Considerando os possíveis e prováveis desdobramentos da
negociação para a economia da região de São José dos Campos – SP, e para as
famílias de 26 mil trabalhadores brasileiros que dependem, direta ou
indiretamente, do setor, o Ministério Público do Trabalho vem através da presente
nota externar a preocupação com a ausência de garantias jurídicas reais de
preservação dos postos de trabalho e ao estímulo ao emprego de qualidade no
Brasil.
A experiência dos mercados e do setor recomenda a exigência
de garantias efetivas para a afirmação empresarial de que manteria a produção
no Brasil das aeronaves já desenvolvidas, bem como os atuais empregos. O
documento divulgado não menciona qualquer sanção ou consequência em caso de
descumprimento.
A preocupação não é vã. As empresas recusaram assinar o
acordo proposto pelo MPT que prevê as referidas garantias (Inquérito Civil
000353.2018.15.002/0). A Boeing justificou-se afirmando que “Limitações do tipo
que provavelmente seriam incluídas em um TAC poderiam afetar a habilidade dessa
nova entidade de lidar com este ciclo natural, assim como a habilidade de a
nova entidade enfrentar a realidade do mercado”. Ou seja, Boeing já antevê a
possibilidade de transferência da atividade produtiva para fora do país.
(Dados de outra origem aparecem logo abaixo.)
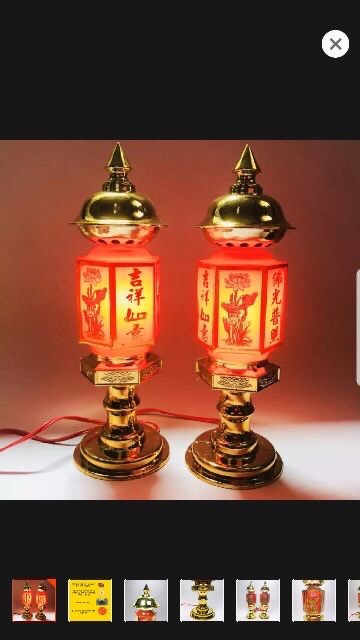 Đèn thờ lục giác 32 cm ( 1 đôi )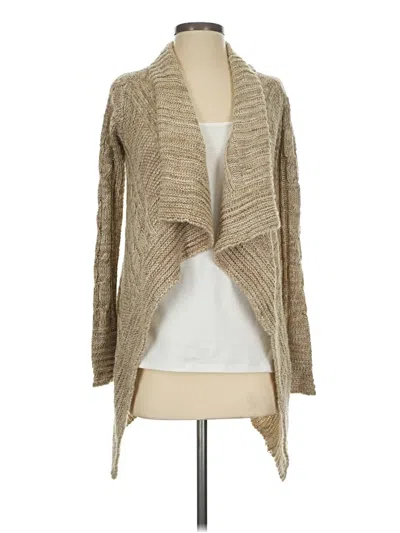 Pre-owned Caché Cardigan Sweater In Tan
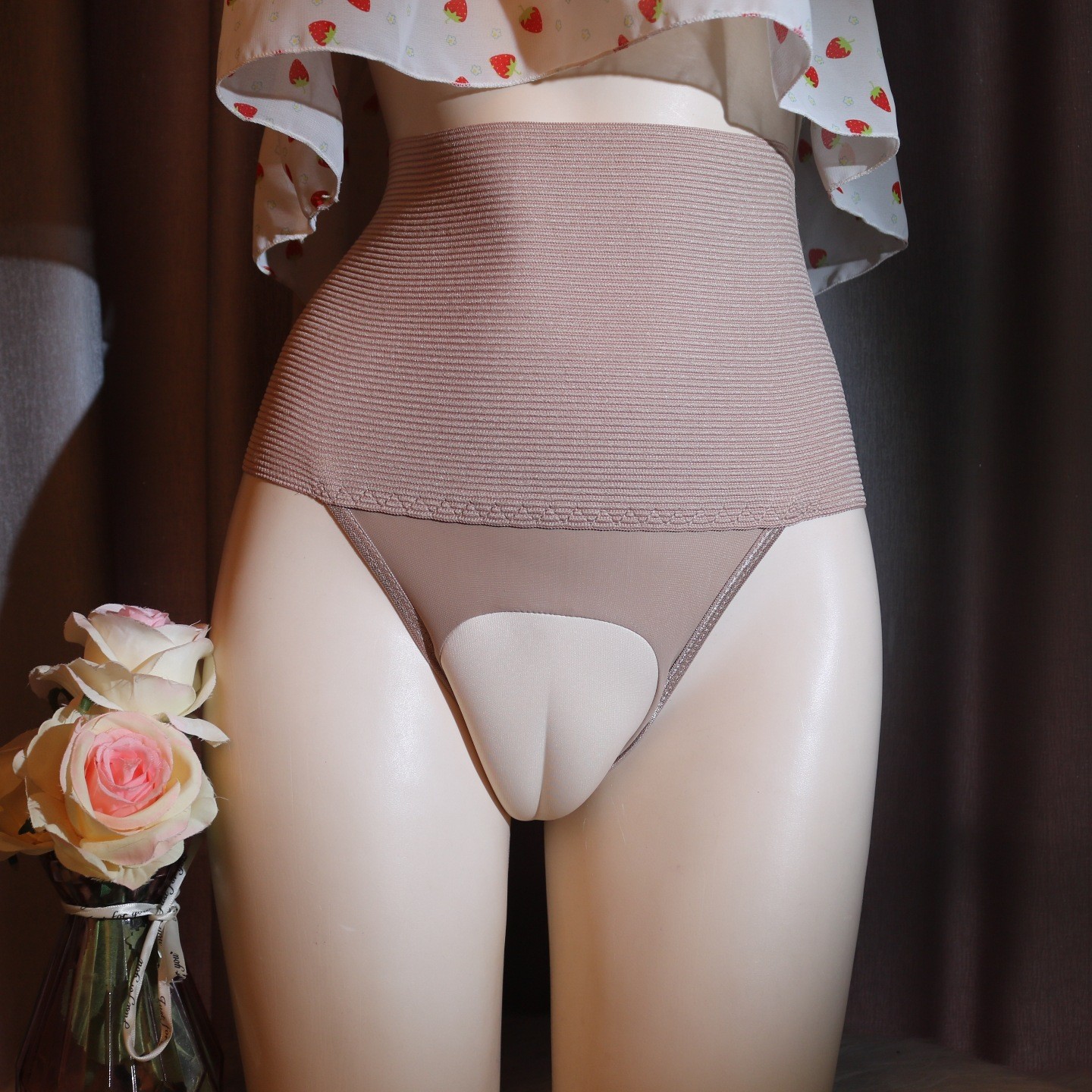Crossdresser High Waist Control Briefs Tuck Panties Shapewear 1Pc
A cautela da Boeing está em sintonia com o memorando de
entendimentos firmado entre as empresas sobre a possibilidade de transferência
das operações da sede para o exterior.
Também confirma a preocupação com o segmento a avaliação da
agência de classificação de risco Standard & Poor´s (S&P) que incluiu o
rating da Embraer em observação para possível rebaixamento após aprovação da
proposta apresentada pelas empresas ao Governo, evidenciando a fragilização da
Embraer em razão da venda de seu segmento mais lucrativo.
O elevado risco de extinção de dezenas de milhares de
empregos levou o MPT a encaminhar ao novo Governo documentos que sugerem que a
Boeing não possui interesse em manter a atividade econômica de montagem de
aeronaves no Brasil. Trata-se de robusto documento com subsídios para análise
do acordo apresentado pelas empresas.
Considerando que a União terá ainda outra oportunidade para
utilizar a Golden Share na assembleia de acionistas que deverá ser convocada
para aprovar, ou não, a operação, o Ministério Público do Trabalho espera que
os fatores de elevado risco aos interesses nacionais sejam até lá melhor
analisados pelo Governo Federal, a fim de que se exija, soberanamente, a
prestação de garantias jurídicas efetivas e concretas de que a atividade
industrial e a geração de tecnologia não deixarão o país.